The first column has the heading Name, so you write down your first name, like the others before you have. The second column says Location - there's just enough room to squeeze in the two letter code for your state.
The third columns asks: 'What do you want?' You pause, not quite sure what to write, and the friendly monk tells you to just write 'Peace', like the others before you did. Wow - I want peace, you think. Yes, you really want peace.
The last column has the amount donated. You look at what others before you gave - whoa, $20, $50, $10,... you don't write anything in the column, and tell the monk you need to check how much you have. You hand him the pen and pad, as you get out your wallet. You look and realize you only have three singles and one $20 bill, which you pull out of the wallet, while pondering what you're going to do...

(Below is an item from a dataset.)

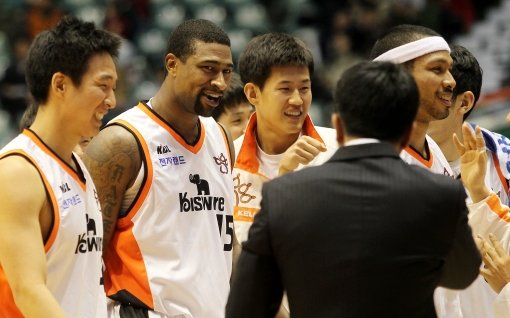 16일 오후 부산사직실내체육관에서 열린 `2012 KB 국민카드 프로농구‘ 부산 KT 소닉붐과 인천 전자랜드 엘리펀츠의 경기에서 경기 종료 직전 역전 3점슛을 성공시킨 전자랜드 포웰(왼쪽 두번째)이 경기 종료 후 유도훈 감독을 바라보고 있다. 사지제공｜KBL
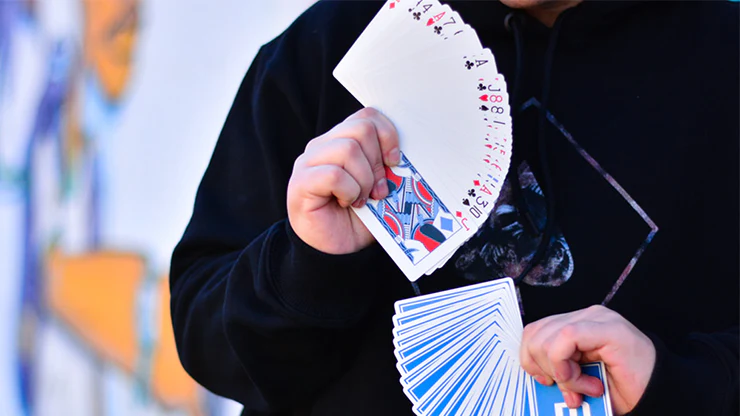 WH Classic Blue Playing Cards USPCC - Image 2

You mumble something like "I've got a $20..." at which point the monk says "Twenty is good", and takes the $20 bill, writes $20 on the amount line in the notebook, and pulls out a wooden bead bracelet which he places on your left wrist, lingering to hold your left hand for a moment, in gratitude. He does this all in one continuous sequence, in the blinking of an eye.
He bows with a "thank you", turns, and continues on his way.
This all took 30 seconds. You stand there, wondering if you've just been 'had' or if that is the best $20 you've ever spent.
Then you realize the monk is your Zen Master, and that he just taught you the fine art of compassionate selling.
It's going to be a great day!
So here's the monk's hot selling tips, in 12 steps (and sequence is critical!):
- Target your audience. In this case, people willing to make eye contact.
- Be approachable. Be likeable. Smile.
- Be credible. A monk's garb will do it in this case.
- Offer something of perceived value. How about a golden card?
- Ask, at a low commitment level. As monk did: "Would you consider a donation?"
- Spend time building up perceived value. Filling out a form will do.
- Give people what they want and heighten perceived value, by promising "peace."
- Social proof. Show how others just like you (fellow SF residents) are making substantial gifts.
- Make the real ask, commensurate to the giver's ability and perceived willingness. "Twenty is good!"
- To seal the deal, thank them with a gift, something of value (bracelet in this case).
- Thank them in words. "Thank you." Be sincere.
- When you've completed the deal, leave. Fast. As quickly as you came.
Addendum: I've been getting feedback from a variety of folks that point 12 really rubs them the wrong way, and now reading it again, I can see how this can be taken badly. The real point is "do not linger", not so much "take the money and run." Once a transaction is closed, making small talk is really not a good idea, so graciously thanking someone and allowing them to move on and appreciate their purchase (rather than hanging out with a sales person that just won't stop) is an appreciated move - just make sure the customer understands how they can reach you if they have any issues or questions (the monk left me his calling card - I know where to find him).